With reference to figure 9, when the compression force is applied to the upper face of the diskshaped piezoelectric sensor (in the specific case, a compression force equal to 100 N along the axis -z), the steel plate tends to collapse under the load inducing a strain of the disk making it slightly thicker and with a contraction of the upper face surface. These strains result in a positive polarity of the upper face (in the specific case, 169.27 V), opposite to that expected by a compressive stress. This is the typical case of a steel plate less than 3 mm thick. The results indicate that the sign and the amplitude of the signal are close to the ideal case as the thickness of the steel plate increases.
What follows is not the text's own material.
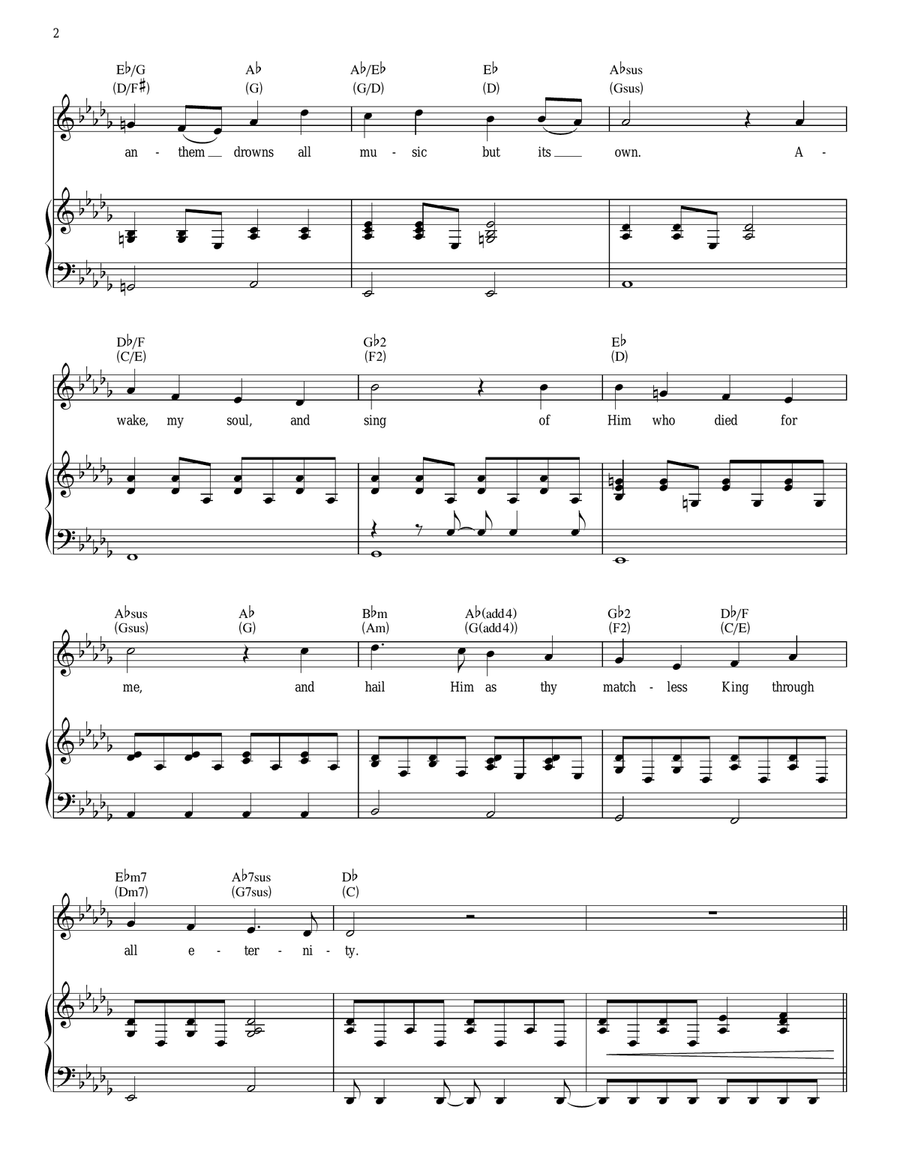 Crown Him (Majesty) Piano, Vocal, Guitar scores gallery preview page 2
With reference to figure 10, the two figures at the top show the simulation, the figure at the bottom shows the experimental data.

In the simulation, a compression force F increasing as time t increases is applied to the upper face of the piezoelectric sensor. The compression C (understood as the distance between the two faces of the sensor) of the piezoelectric sensor, and the electrical voltage V are measured. The result of the simulation reproduces the typical experimental data obtained from tests carried out on a piezoelectric pressure sensor mounted on a printed circuit board provided with a stainless- steel support fixed perimetrically by spot welding to a rear support metal plate ideally rigid and separated by a 20-micron gap from the stainless-steel support. It can be seen that the signal inversion point P as the load L varies is the result of the contact between the stainless-steel support and the ideally rigid rear support metal plate, which eventually changes the way in which the piezoelectric sensor deforms. With reference to figure 11 , the simulation shows that for the thickness S (on the abscissa) of the stainless-steel support of the printed circuit board greater than 3 mm, the signal P assumes the correct sign.

A sensor-equipped brake pad comprising a printed circuit board thus designed is susceptible to numerous modifications and variations, all of which fall within the scope of the inventive concept as defined by the claims; all the details may furthermore be replaced with technically equivalent elements.

In practice, the materials used, as well as the dimensions, may be any according to requirements and the state of the art.